Afghan rider Sarwar Pahlawan blinked away pain from the fresh stitches between his eyes as his buzkashi team chased victory in a tournament for an ancient sport still steeped in risk, but now offering modern-day rewards.
Played for centuries in Afghanistan’s northern steppes, the national sport at the heart of Afghan identity has evolved from a rough, rural pastime to a professionalized phenomenon flush with cash.
“The game has changed completely,” the horseman, soon to turn 40, said after returning home victorious from the tournament final in the northern city of Mazar-i-Sharif earlier this month.
Photo: AFP
After 20 years as a buzkashi rider, or “chapandaz,” Sarwar welcomes the changes to the game, which is played across Central Asia and features elements akin to polo and rugby.
“They used to pay us with rice, oil, a carpet or a cow,” he said, but today the chapandaz have professional contracts.
The best players can earn US$10,000 per year, with winning teammates sharing US$35,000, three camels and a car offered by sponsors after clinching the title.
Traditionally, buzkashi is played with the headless body of a goat.
Today, more often a 30kg leather sack stands in for the carcass that riders try to pull from a fray of horses and drop in a “circle of justice” traced on the ground after doing a lap of the arena at full gallop with competitors in hot pursuit.
Training has changed, too, as the national league’s top teams have evolved.
Robust horsemen no longer hang from trees or split wood to build muscle — they lift weights in gyms.
“Before, when we returned from a tournament, cold water was poured on our shoulders, now we have hammams [bath houses] and saunas,” said Sarwar, known as “the lion” for his strength.
Being one of the league’s best players has also filled Sarwar’s coffers.
“I didn’t even have a bike, and now I have a car. I had almost no sheep and now I have many. I had no house, and now I have two,” he said.
However, he remains “a simple man,” he said, adding that between tournaments, he cultivates his land and raises his sheep.
Oil tycoon Saeed Karim is the biggest financier of the new buzkashi.
The Afghan businessman set up the winning team that bears his company’s name, Yama Petroleum, five months ago.
He acquired the two best chapandaz in the country, including Sarwar, and about 40 competition horses, which can cost up to US$100,000 each.
“In this team, we invested around a million dollars in horses, riders, stables and other equipment,” Karim said.

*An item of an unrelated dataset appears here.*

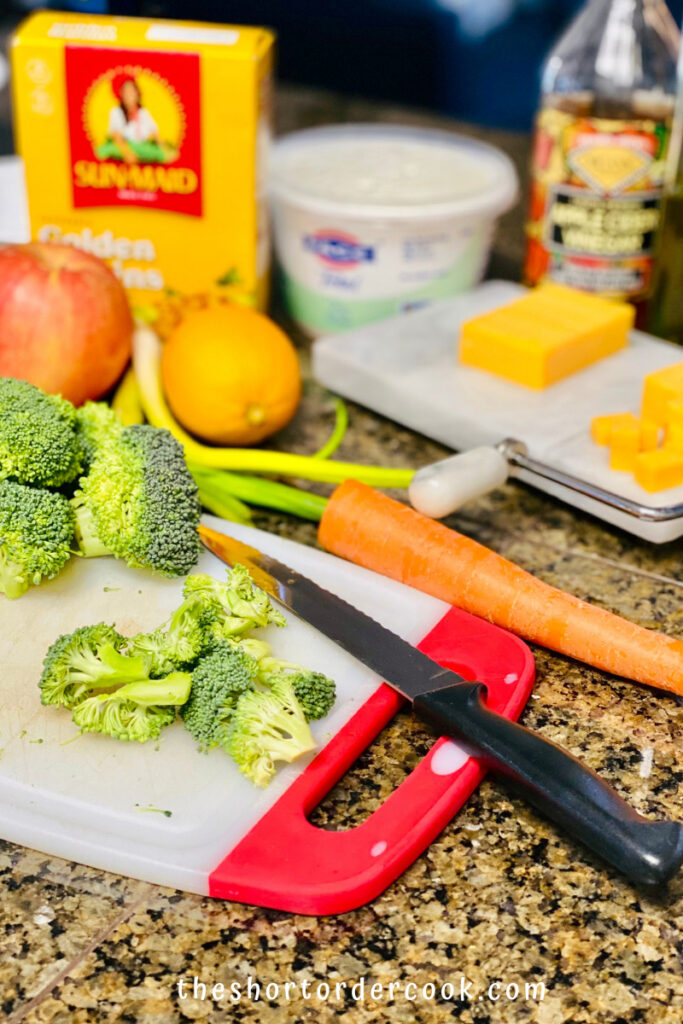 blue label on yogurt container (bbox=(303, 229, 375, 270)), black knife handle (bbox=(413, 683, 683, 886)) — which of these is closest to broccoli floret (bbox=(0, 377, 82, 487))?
black knife handle (bbox=(413, 683, 683, 886))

“I just want to serve my people,” he said. “When my team wins, it’s an honor for me.”
It can cost about US$300,000 a year to take care of the team’s stallions, fed on barley, dates, carrots and fish oil, as well as 15 riders and 20 grooms.

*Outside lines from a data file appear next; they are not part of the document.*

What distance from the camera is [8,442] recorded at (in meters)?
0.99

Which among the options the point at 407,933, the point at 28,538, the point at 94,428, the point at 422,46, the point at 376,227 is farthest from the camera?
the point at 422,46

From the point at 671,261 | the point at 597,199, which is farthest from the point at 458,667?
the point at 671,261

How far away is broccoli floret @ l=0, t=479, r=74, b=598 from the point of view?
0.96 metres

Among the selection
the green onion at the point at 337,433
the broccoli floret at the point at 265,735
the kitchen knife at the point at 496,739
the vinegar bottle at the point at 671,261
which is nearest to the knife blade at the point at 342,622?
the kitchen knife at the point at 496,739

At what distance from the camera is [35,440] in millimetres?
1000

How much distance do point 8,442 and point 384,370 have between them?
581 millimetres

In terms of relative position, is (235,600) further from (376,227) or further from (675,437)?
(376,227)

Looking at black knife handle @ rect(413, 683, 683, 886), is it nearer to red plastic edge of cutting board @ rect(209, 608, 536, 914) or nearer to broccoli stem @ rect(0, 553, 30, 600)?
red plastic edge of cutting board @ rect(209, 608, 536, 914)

For the comfort of his men — who commonly sustain broken ribs, fingers and legs — Karim had a four-hectare ranch built for recuperation and stabling horses.

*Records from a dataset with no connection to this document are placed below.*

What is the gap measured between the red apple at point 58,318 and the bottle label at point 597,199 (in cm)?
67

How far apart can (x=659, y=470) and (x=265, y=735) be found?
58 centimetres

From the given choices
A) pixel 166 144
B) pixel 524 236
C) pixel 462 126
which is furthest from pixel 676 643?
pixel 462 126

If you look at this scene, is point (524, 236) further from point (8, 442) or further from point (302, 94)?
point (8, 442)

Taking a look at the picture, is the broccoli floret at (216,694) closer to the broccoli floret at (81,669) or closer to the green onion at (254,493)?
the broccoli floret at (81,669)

Taliban authorities, who banned the sport between 1996 and 2001, have allowed it since returning to power in 2021.
“Buzkashi is this nation’s passion,” Buzkashi Federation president Ghulam Sarwar Jalal said. “The Taliban know that it makes people happy, that’s why they authorize it.”
They also collect taxes from the professional league, started in 2020, which includes 13 teams from 10 provinces.
The influx of money has transformed buzkashi.
“More fans come because they know there are more good horses and good teams have been added to the field,” Karim said.
Ten thousand men filled the Mazar-i-Sharif stadium for the final, braving Taser shocks or blows from club-wielding Taliban authorities tasked with holding back the crowds.
“We want to make it a sport as colorful as football or cricket,” Jalal said. “The more commercial it is, the more international it will become.”